Tuesday, August 07, 2007

Three Horrid H's

When I was a teen on a farm I was a member of the 4-H club -- our substitute for the Girl Scouts, at least in our part of rural America. I learned many domestic skills, cooking and sewing chief among them. The H's stood for Hands, Heart, Head and Health, which was something one knew but which didn't figure into the program in a memorable way. I only start with this bit of social history because I have been forced to focus on the three Horrid H's that beset New Yorkers this time of year: a frequent weather forecast, "hazy, hot and humid." The last two days have been just that and so were several days last week. The chorus one hears constantly, "it's not the heat, it's the humidity," is SO true.
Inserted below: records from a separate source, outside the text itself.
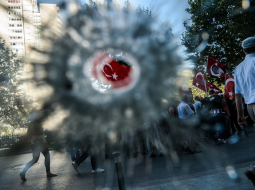 Demonstrācijas laikā Stambulā. Foto: AFP/LETA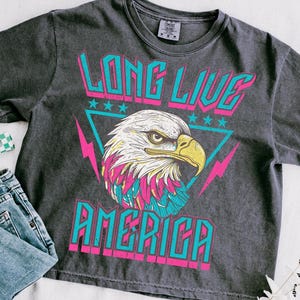 Vive l'Amérique sublimation Design PNG en téléchargement numérique imprimable Eagle Pink USA Flag 4 juillet fête de l'indépendance groupe de rock patriotique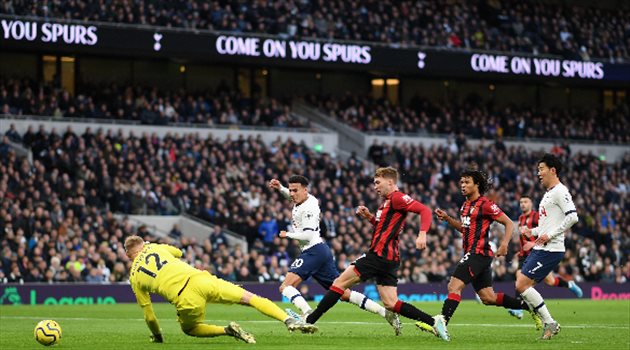 بصمات مورينيو تظهر.. قطار توتنهام يعبر محطة بورنموث في الدوري الإنجليزي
I come to my un-air conditioned apartment and "go Polynesian", i.e., I strip, shower and wrap myself in a sarong that I tie so that it doesn't fly open too revealingly -- although that doesn't matter much, no one sees me in it. But I know on days like this, in a most immediate way, why it is I am in no sense drawn to Amazon cruises or rain forest hikes, or, indeed even to those Polynesian islands, nor to anyplace equatorial. It's the humidity. And the creepy crawlies, largely the snakes but I have no love of flying insects, nor of most skittering ones either.

I see in the newspaper today that some group is tryiing to make the B word as politically incorrect as the N word. This is appropriate in the so called "dog days of summer." Although I'm not sure that bitch is any worse than the many other words men hurl at women when they're angry at them. It's directed at any or all women, and doesn't seem to discriminate by race or class and often not even by peresonality type -- at least in the mouth of an angry man. The timing is what struck me, really.

Speaking of the paper, the "old gray lady", otherwise known as The New York Times, raised it's newstand price from $1.00 to $1.25 last week. This week the paper itself has diminished by about 2 inches in both height and width. We are lead to believe it will contain the same amount of news and advertising, all slightly smaller. I didn't see much diifference today. Things change in tiny increments and this is one of them. One can only take notice and sigh. And say as Kurt Vonegut wrote at the end of many a chapter of [I think it was} Slaughter House Five -- that terrifying masteppiece from early in his career... "so it goes." And so goes a scattered post on a hazy, hot and humid evening at the height of summer.